Since time immemorial, these paintings have festooned the walls, homes, clothes etc. of the Indian streets and houses. However, as, time passed by and new art form came into being, people started considering this art form as primeval and obsolete. Thus, their visibility got reduced drastically. It was only with the advent of the 20th century that these paintings revived. This sudden change happened due to the research and studies that were being carried out by various students and groups that people started realizing the vitality of these Indian traditional paintings.
Nevertheless, Indian land has an assortment of paintings. A unique trait about these paintings is that they reflect the social issues, traditions, cultures, and beliefs uniquely. Many of them are taken by people as souvenirs too. Clearly, the paintings are as diverse as the culture itself. Hence, in this article, we have mentioned some of the most famous Indian traditional paintings. Take a look.
- Madhubani Paintings-
The painting style has originated in Bihar. The word Madhubani means ‘Madhu’ means Honey and ‘ban’ means forest. Thus, these paintings are developed by the people living in the hilly and wooded terrains of the Bihar region. The artisans used to create Madhubani paintings on the walls. The art was basically practiced by the women residing in the villages of Bihar. They used to make deities of Hindus using intricate geometrical patterns. Moreover, the art was used by the practitioners as a way of showcasing their love for nature and respect for the divine. The art was earlier practiced on mud walls but is now also made on hand-made papers, canvas, and fabrics.
- Kalamkari Paintings-
Kalamkari is originally an art style of Persia which was adopted by few Indian regions like Andhra Pradesh and Machilipatnam. As the name suggests, Kalamkari is an art form which is made by Kalam ‘Pen’ and is a Kari ‘Craftsmaship’. This painting style is the one which uses pen to make patterns on a canvas which is filled with colors later on. Moreover, the paintings are made using only natural and organic ingredients. The fabric used to make these paintings is usually found glossy. It looks glossy as the mixture is first immersed in resin and cow milk for almost an hour.

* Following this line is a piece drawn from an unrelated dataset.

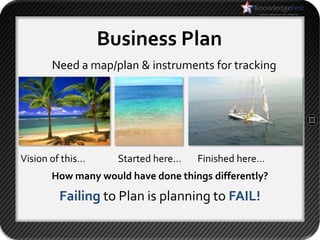 Business Plan
       Need a map/plan & instruments for tracking




Vision of this…     Started here…   Finished here…
       How many would have done things differently?
        Failing to Plan is planning to FAIL!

The fermented jagri and water too is used after that. After applying every material, the canvas is left for cooling. The cloth undergoes at least 15-20 washes. The colors are made of tints of plants, flowers, seeds and cow’s dung.
- Pattachitra Paintings-
This painting was used initially to tell stories. The painting style used to revolve primarily around the Lord Jagannath. The paintings used to portray Lord Jagannath using various colors and paintings in different forms. The art form used to depict a few elements of nature as well. Krishna would be depicted in blue and Gopis using the shades of brown, purple and golden. The painters used to make these paintings with buffalo’s neck and hair of Mongoose and rat.

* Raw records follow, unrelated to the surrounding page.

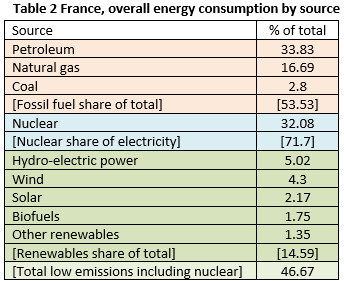 table 2 nuclear energy is virtually emissions free jim warren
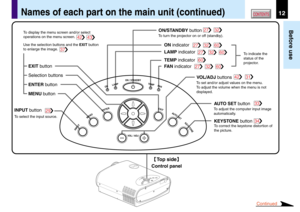 Page 1212
Before use
CONTENTSNames of each part on the main unit (continued)
34 33 42 31 27 32 6060 27 32 60 27 32 6032 27
43
3742
29TEMP indicator
KEYSTONE button
To correct the keystone distortion of
the picture.
FA N indicator LAMP indicator ON indicator
INPUT button ENTER button  Selection buttons EXIT button
VOL/ADJ buttons 
AUTO SET button  MENU buttonON/STANDBY button
Top side
Control panel
To set and/or adjust values on the menu.
To adjust the volume when the menu is not 
displayed.To indicate the...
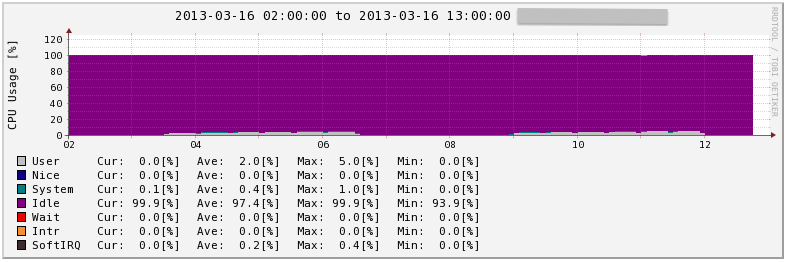 f:id:tagomoris:20130316125234p:image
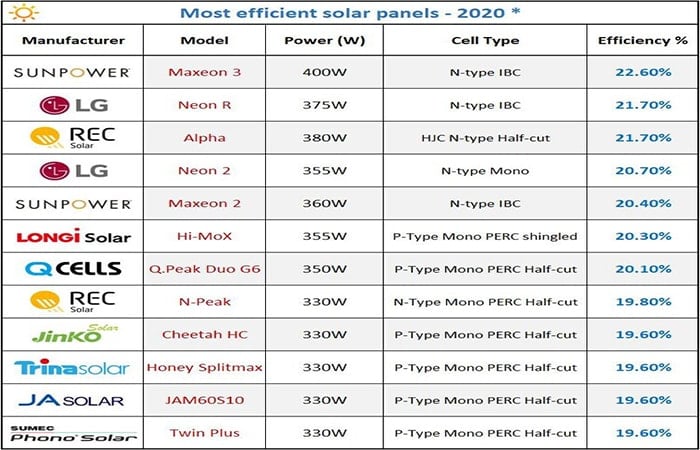 Các Tấm pin mặt trời hiệu suất cao nhất cao nhất năm 2020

Although there are many paintings, the foretold paintings are the ones which are extremely popular and known. The Indian culture and art are vanishing in this world which is largely influenced by modern art. Hence, it is inevitable to revive traditional paintings of India and reminiscing them every now and then. Traditional art speaks volume about the culture of India and thus it is necessary to promote the artisans to start doing it again.